● What needs to be done
With both ends included, repeat exactly the lines of the entries below from the one containing "Image 1 of Lampe" down to the one containing "VIVanco Vergoldeter F-Stecker", and no others.

● Source records
((

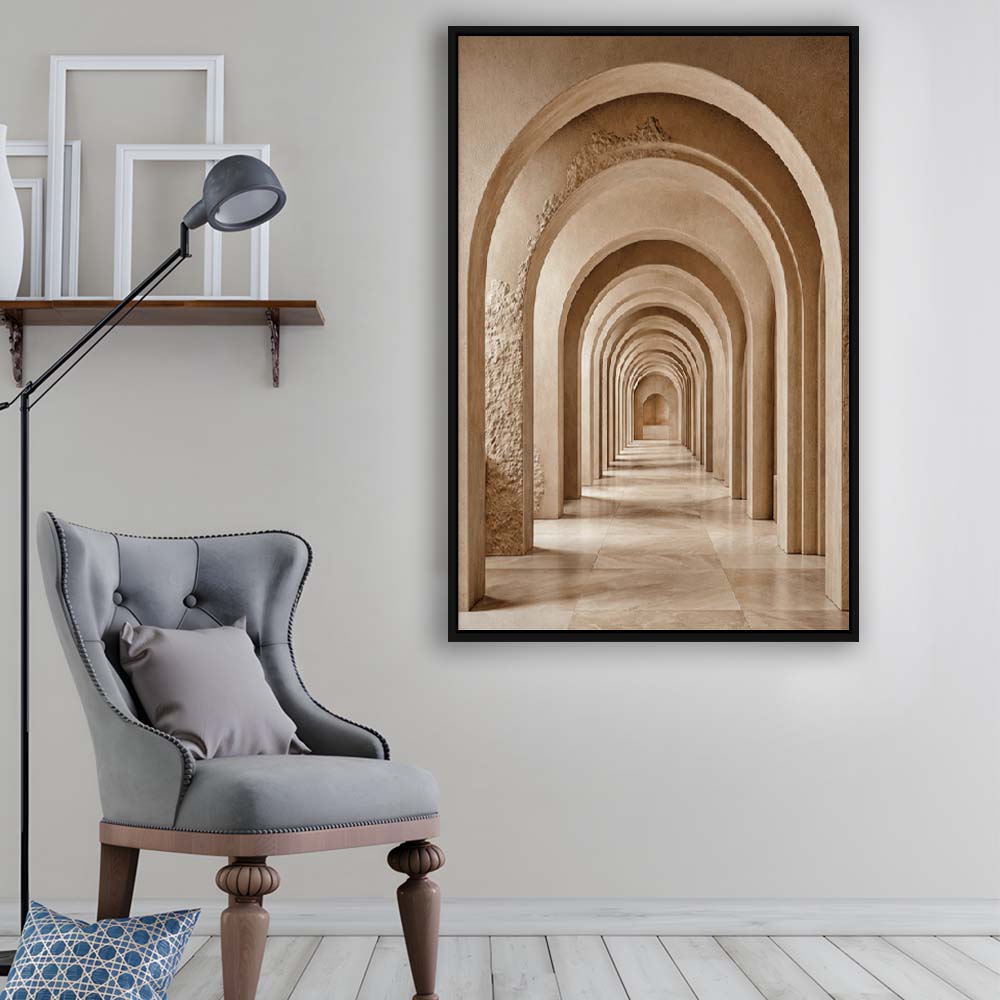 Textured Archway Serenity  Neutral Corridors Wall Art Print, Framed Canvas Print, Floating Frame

))
((

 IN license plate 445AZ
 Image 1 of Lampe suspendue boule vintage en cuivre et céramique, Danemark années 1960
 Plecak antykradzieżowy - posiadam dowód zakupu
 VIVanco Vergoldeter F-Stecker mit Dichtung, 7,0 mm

))

● Response box
 Image 1 of Lampe suspendue boule vintage en cuivre et céramique, Danemark années 1960
 Plecak antykradzieżowy - posiadam dowód zakupu
 VIVanco Vergoldeter F-Stecker mit Dichtung, 7,0 mm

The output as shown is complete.